*ASSIGNMENT*
Copy out exactly, and only, the lines from the one containing "Voodoo Girl (dark) Pin by myprofanity" through the end of the entries. No pictures.

*Captioned web image data*
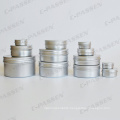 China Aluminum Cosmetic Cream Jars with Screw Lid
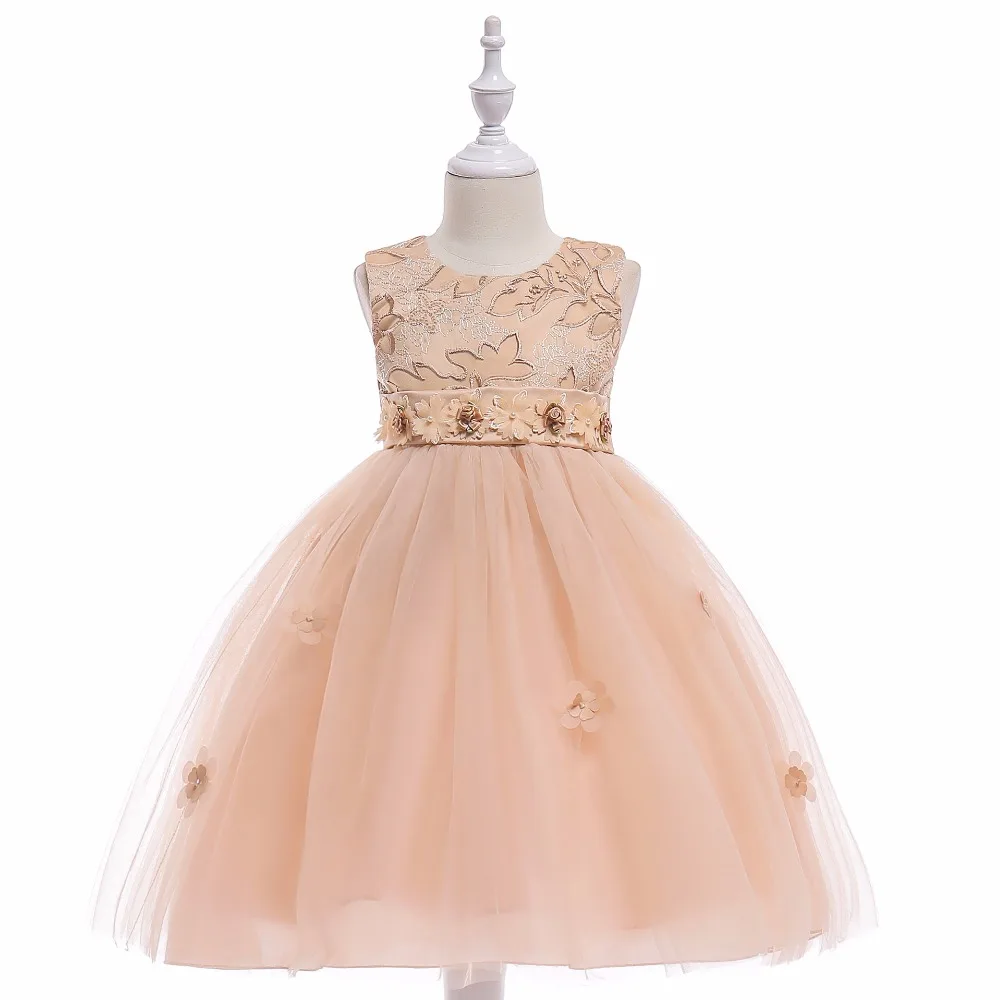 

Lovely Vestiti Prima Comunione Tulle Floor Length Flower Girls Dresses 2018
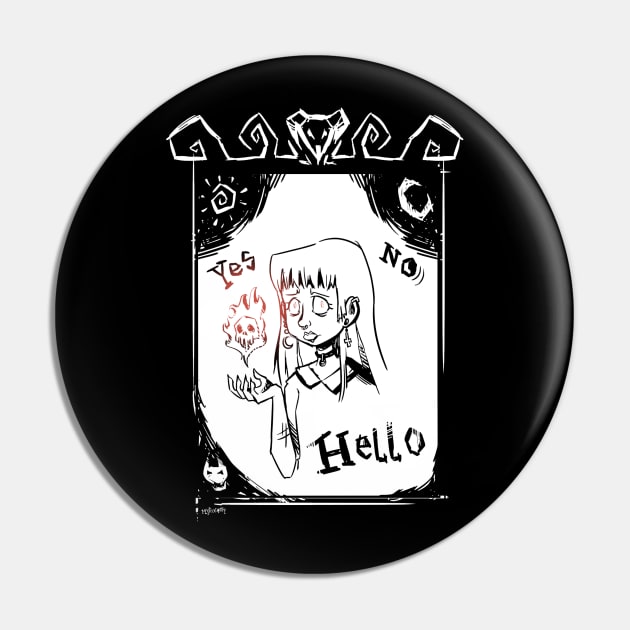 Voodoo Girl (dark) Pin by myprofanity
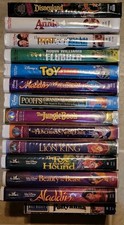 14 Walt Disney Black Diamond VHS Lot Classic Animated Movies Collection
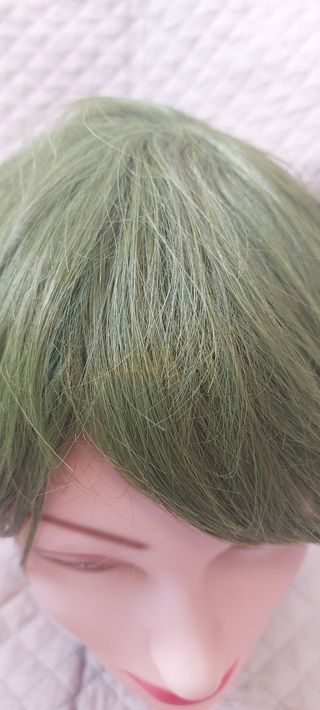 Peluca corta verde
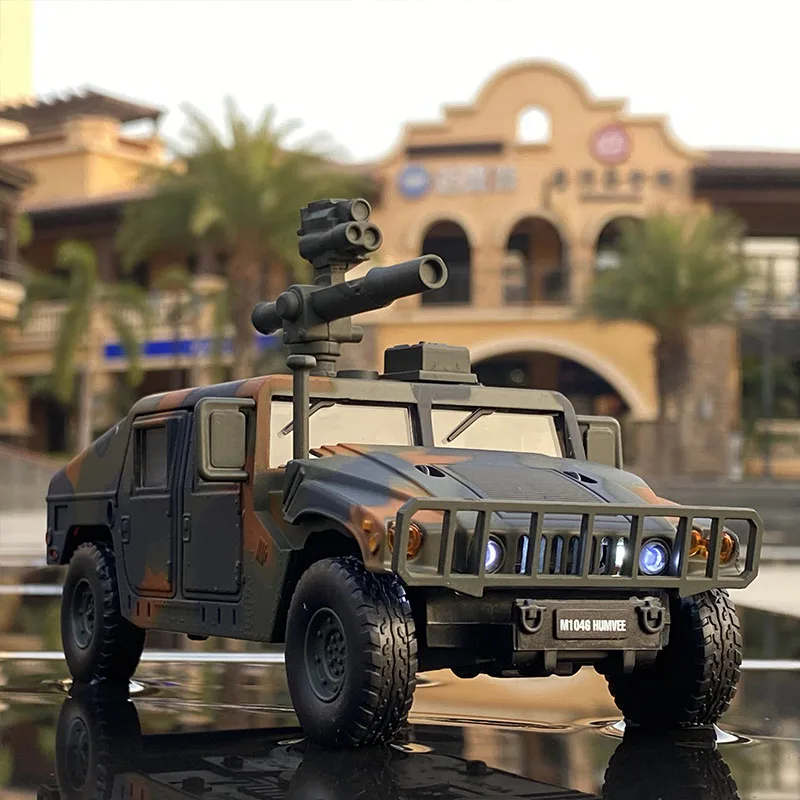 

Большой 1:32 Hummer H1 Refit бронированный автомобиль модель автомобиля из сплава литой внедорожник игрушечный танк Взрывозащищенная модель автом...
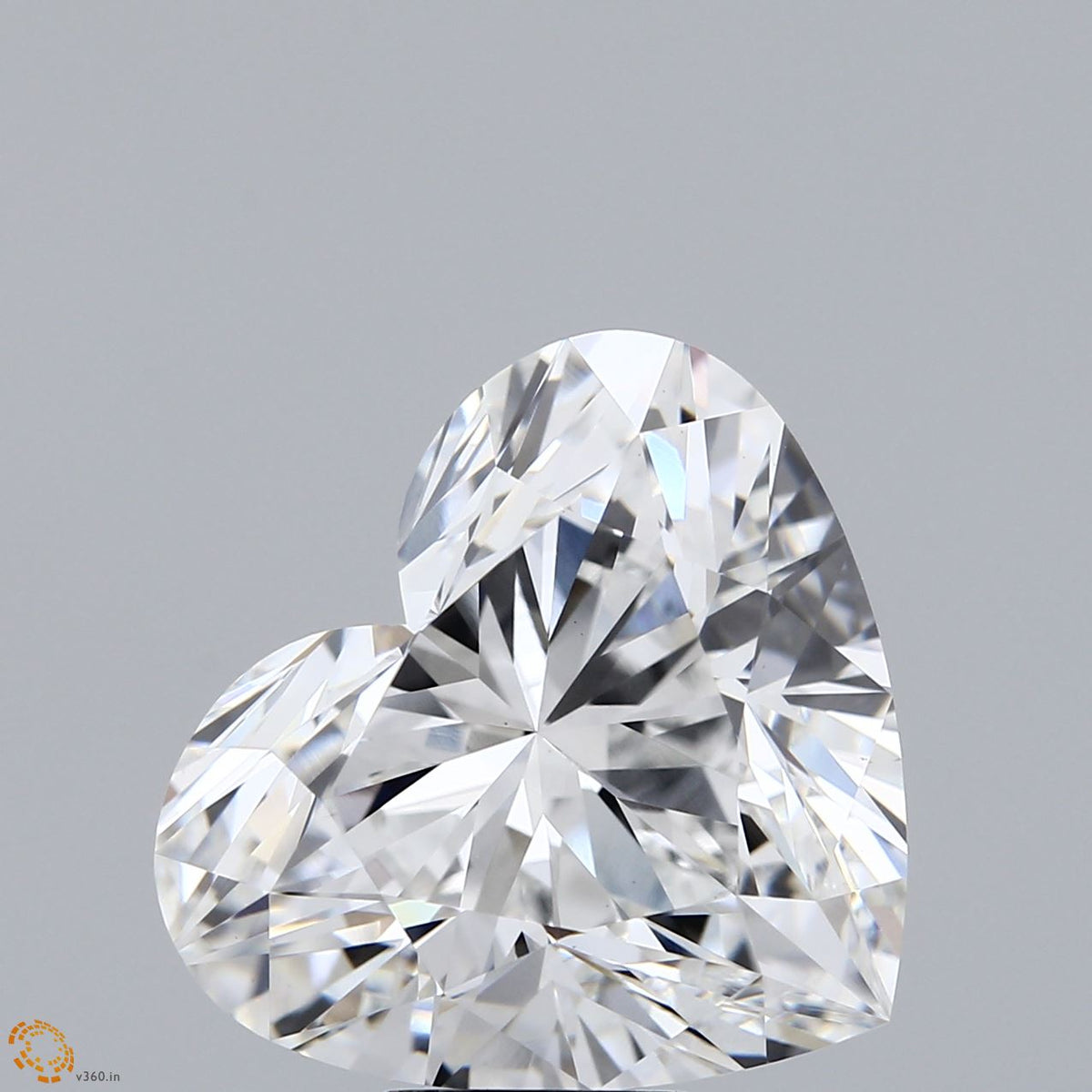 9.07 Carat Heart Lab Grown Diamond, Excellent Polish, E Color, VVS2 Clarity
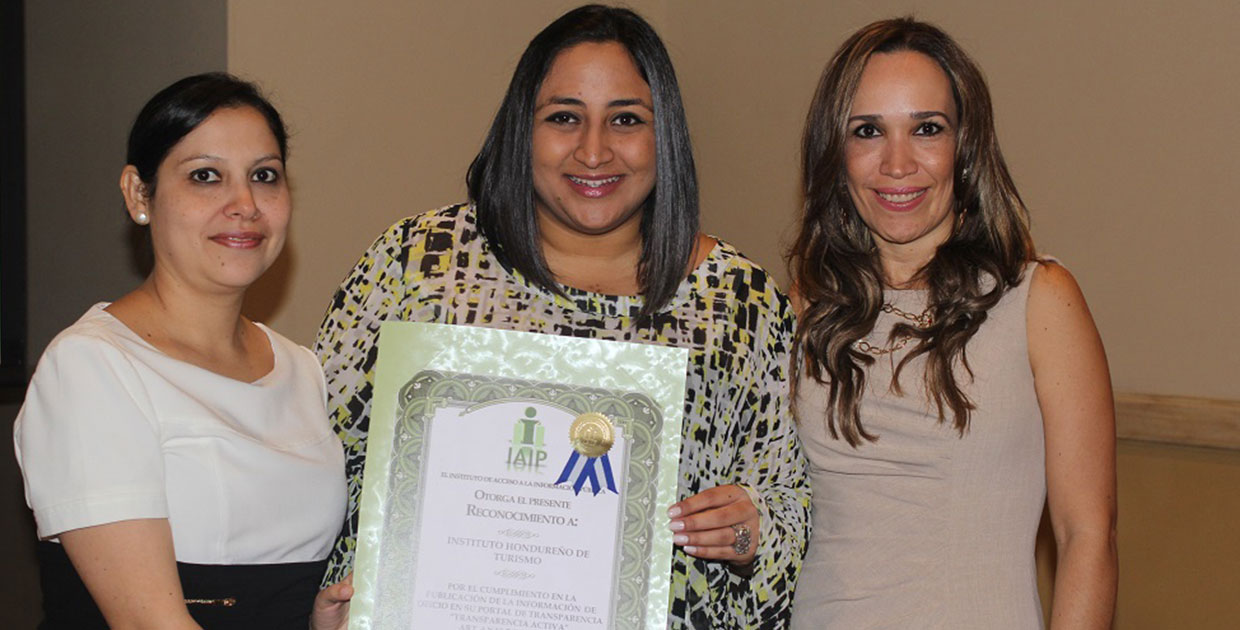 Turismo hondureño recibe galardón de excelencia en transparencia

*SOLVED EXERCISE*
 Voodoo Girl (dark) Pin by myprofanity
 14 Walt Disney Black Diamond VHS Lot Classic Animated Movies Collection
 Peluca corta verde

Большой 1:32 Hummer H1 Refit бронированный автомобиль модель автомобиля из сплава литой внедорожник игрушечный танк Взрывозащищенная модель автом...
 9.07 Carat Heart Lab Grown Diamond, Excellent Polish, E Color, VVS2 Clarity
 Turismo hondureño recibe galardón de excelencia en transparencia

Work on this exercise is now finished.